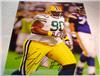 BJ Raji autographed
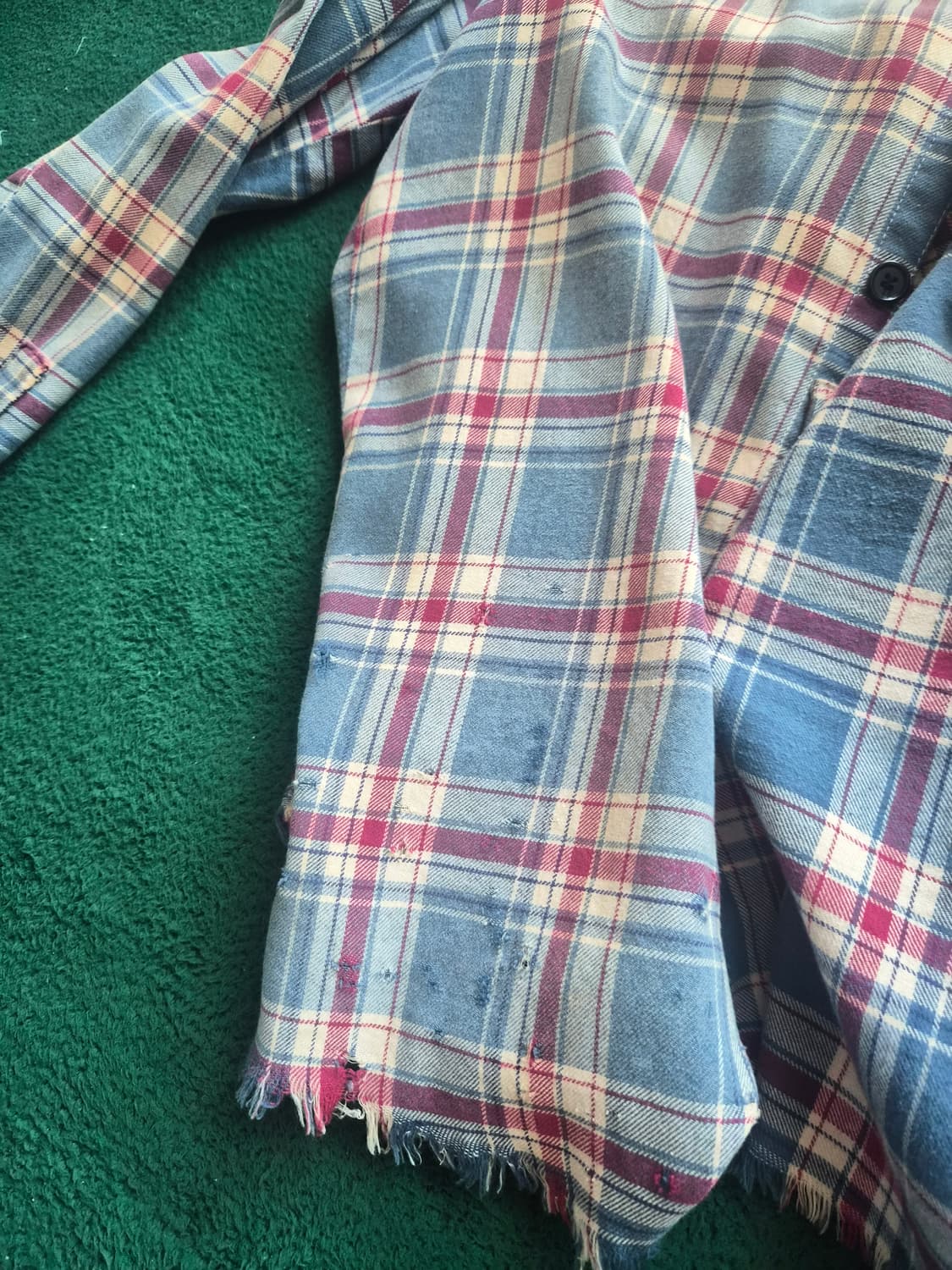 그렉로렌 1사이즈 (Greg lauren) 상품이미지7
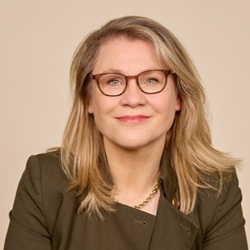 Selma Postma wordt managing director e-commerce bij PostNL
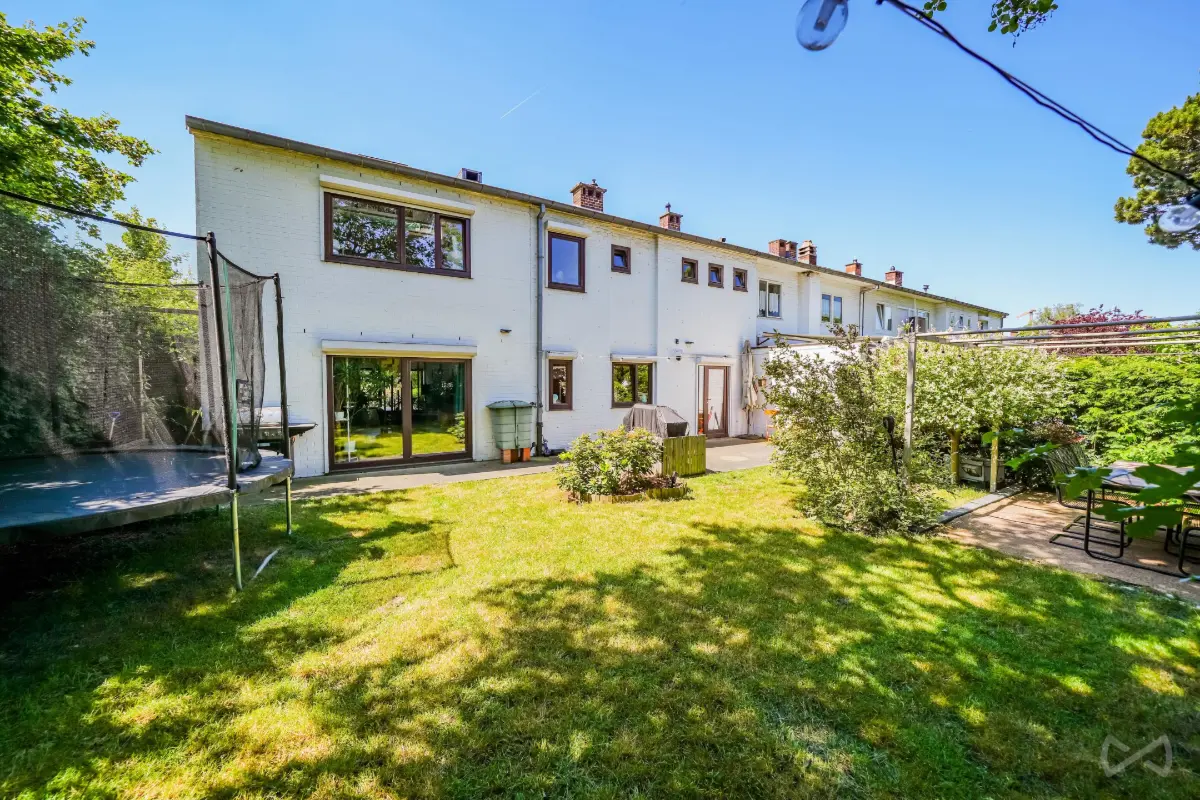 Maison à vendre à Woluwe-Saint-Lambert 1200 950000.00€ 4 chambres 198.00m² - annonce 778133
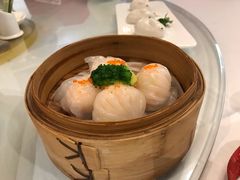 -桂林碧玉国际大酒店-碧玺茶餐厅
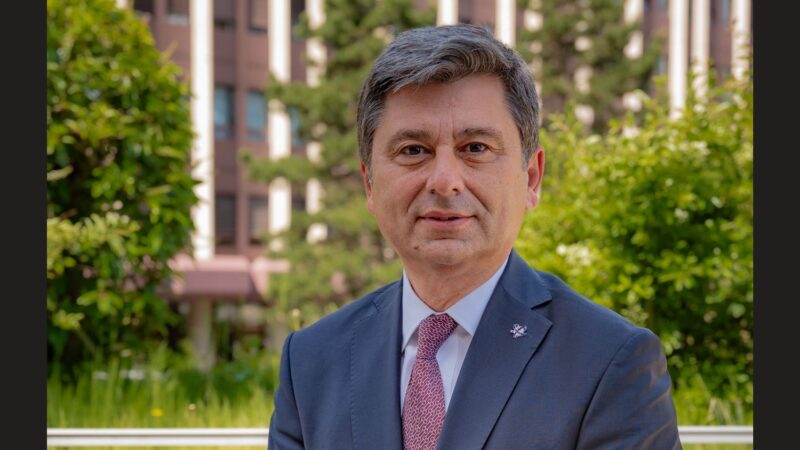 In October 2023, the International Federation of Freight Forwarders Associations (FIATA) appointed Turgut Erkeskin as its new president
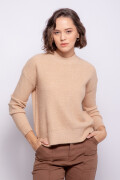 POLERA GABI Beige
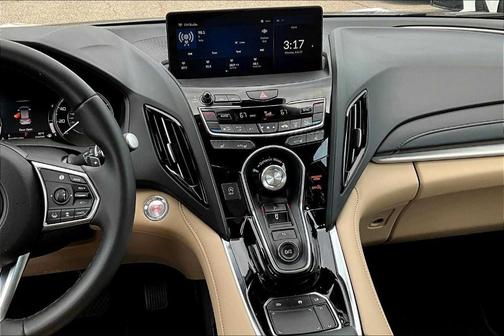 2019 Acura RDX Base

--*--

Would you please set down the listing above exactly, minus its images?

 BJ Raji autographed
 그렉로렌 1사이즈 (Greg lauren) 상품이미지7
 Selma Postma wordt managing director e-commerce bij PostNL
 Maison à vendre à Woluwe-Saint-Lambert 1200 950000.00€ 4 chambres 198.00m² - annonce 778133
 -桂林碧玉国际大酒店-碧玺茶餐厅
 In October 2023, the International Federation of Freight Forwarders Associations (FIATA) appointed Turgut Erkeskin as its new president
 POLERA GABI Beige
 2019 Acura RDX Base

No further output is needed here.